If the Java Virtual Machine is an absttract computer then its machine language is the Java bytecode. For each type of real computer a different Java bytecode interpreter is needed. When a computer has a Java bytecode interpreter, it can run any Java bytecode program, and the same program can be run on any computer that has such an interpreter.
There are two basic reasons for having the Java bytecode interpreter:
Simplicity: The Java compiler is itself a complex program. A Java bytecode interpreter, is a relatively small, simple program. This makes it easy to write a bytecode interpreter for a new type of computer; once that is done, that computer can run any compiled Java program. It would be much harder to write a Java compiler for the same computer.
Security: The bytecode interpreter is a buffer between the user and the program the user downloads. The user is really running the interpreter, which runs the downloaded program indirectly. The interpreter can protect the user from potentially dangerous actions on the part of that program.
Since Java bytecode was executed by an interpreter, the execution will be always slower than the execution of the same program compiled into native machine language. This problem was resolved by introducing just-in-time (JIT) compilers for executing Java bytecode. A just-in-time compiler translates Java bytecode into native machine language. It does this while it is executing the program. The input to a just-in-time compiler is a Java bytecode program, and its task is to execute that program.
While it is executing the program, it also translates parts of the program into machine language of the underlying computer. The translated parts of the program can then be executed much more quickly than they could be interpreted. This technique gets applied to those parts of a program frequently executed.

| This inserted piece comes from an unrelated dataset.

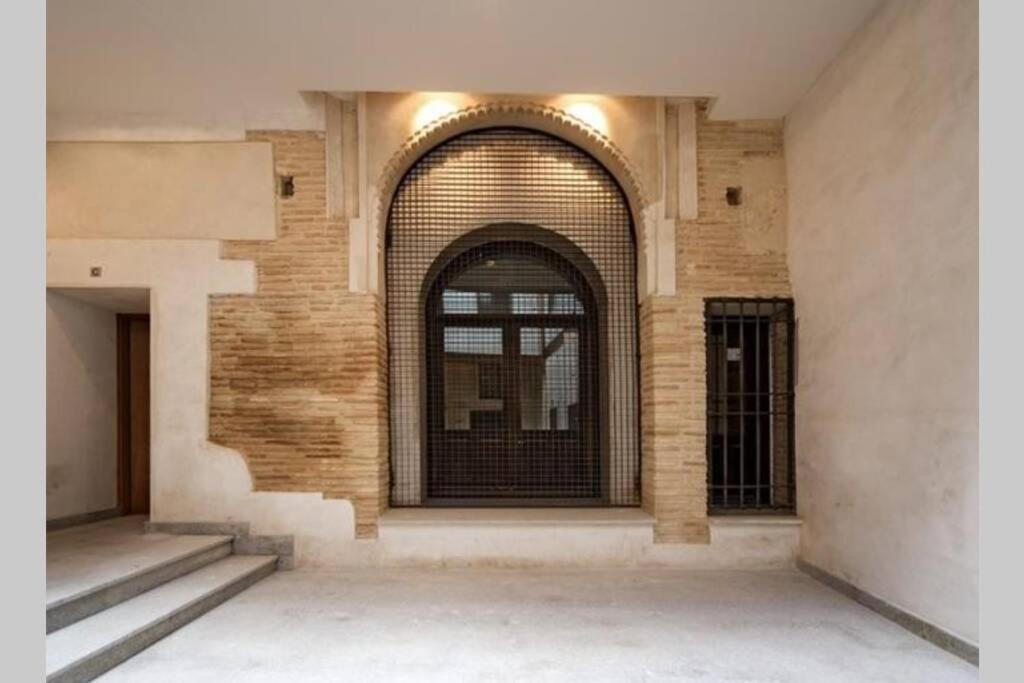 Apartamento Alhambra *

This way a just-in-time compiler can significantly speed up the overall execution time.
There is no necessary connection between Java and Java bytecode. A program written in Java can be compiled into the machine language of a real computer. And programs written in other languages can be compiled into Java bytecode, too. The combination of Java and Java bytecode is platform-independent, secure, and network-compatible while allowing the user to program in a modern high-level object-oriented language.
Some JVM implementations do not include an interpreter which way the just-in-time compilation of the byte code into native machine code has to occur before a method executes. The JIT compilation is performed the first time a Java method is called.

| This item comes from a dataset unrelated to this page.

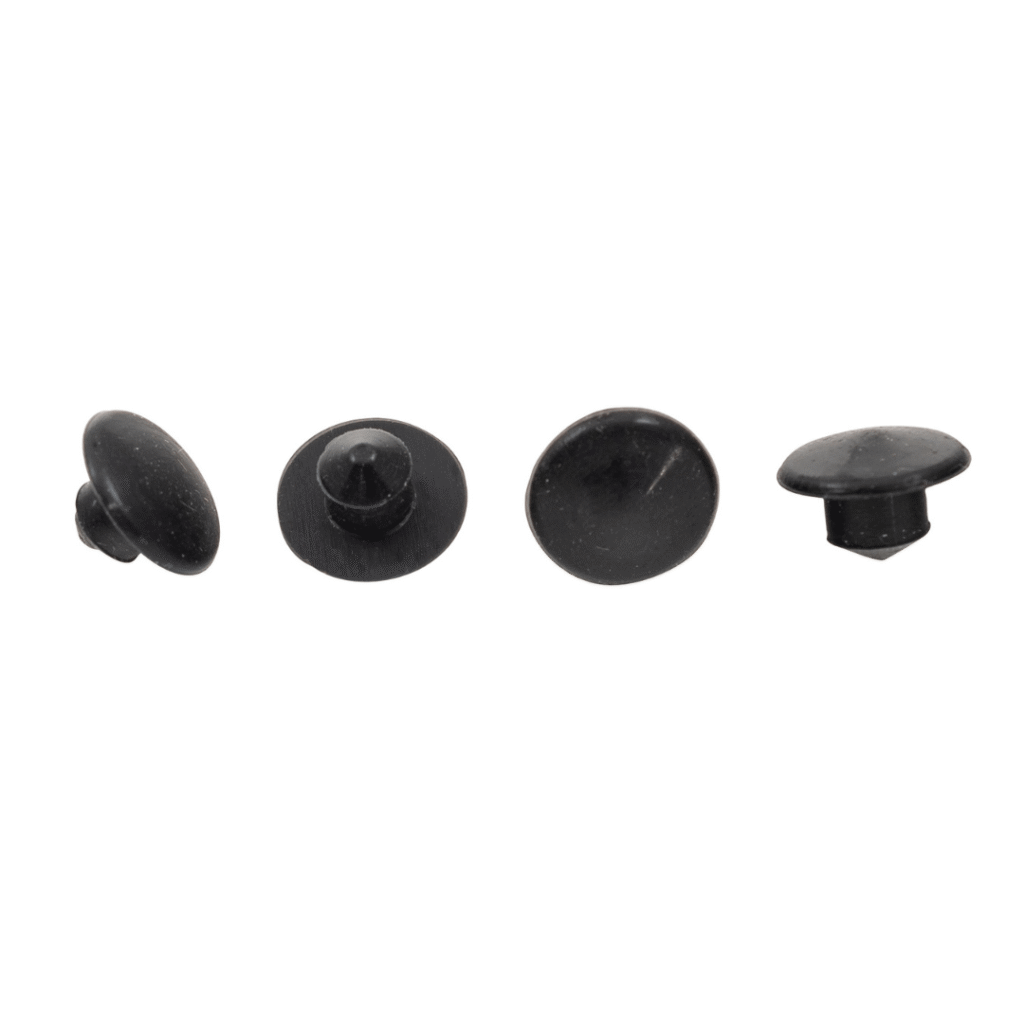 M6 Circle Vent Qty 4 Plugs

Starting with Java Platform, Standard Edition (J2SE) 5.0, changes to the JVM specification have been developed under the Java Community Process as JSR 924. As of 2006[update], changes to specification to support changes proposed to the class file format (JSR 202) are being done as a maintenance release of JSR 924. The specification for the JVM is published in book form, known as blue book. The preface states:
We intend that this specification should sufficiently document the Java Virtual Machine to make possible compatible clean-room implementations. Oracle provides tests that verify the proper operation of implementations of the Java Virtual Machine.
One of Oracle's JVMs is named HotSpot. Clean-room Java implementations include Kaffe and IBM J9. Oracle retains control over the Java trademark, which it uses to certify implementation suites as fully compatible with Oracle's specification.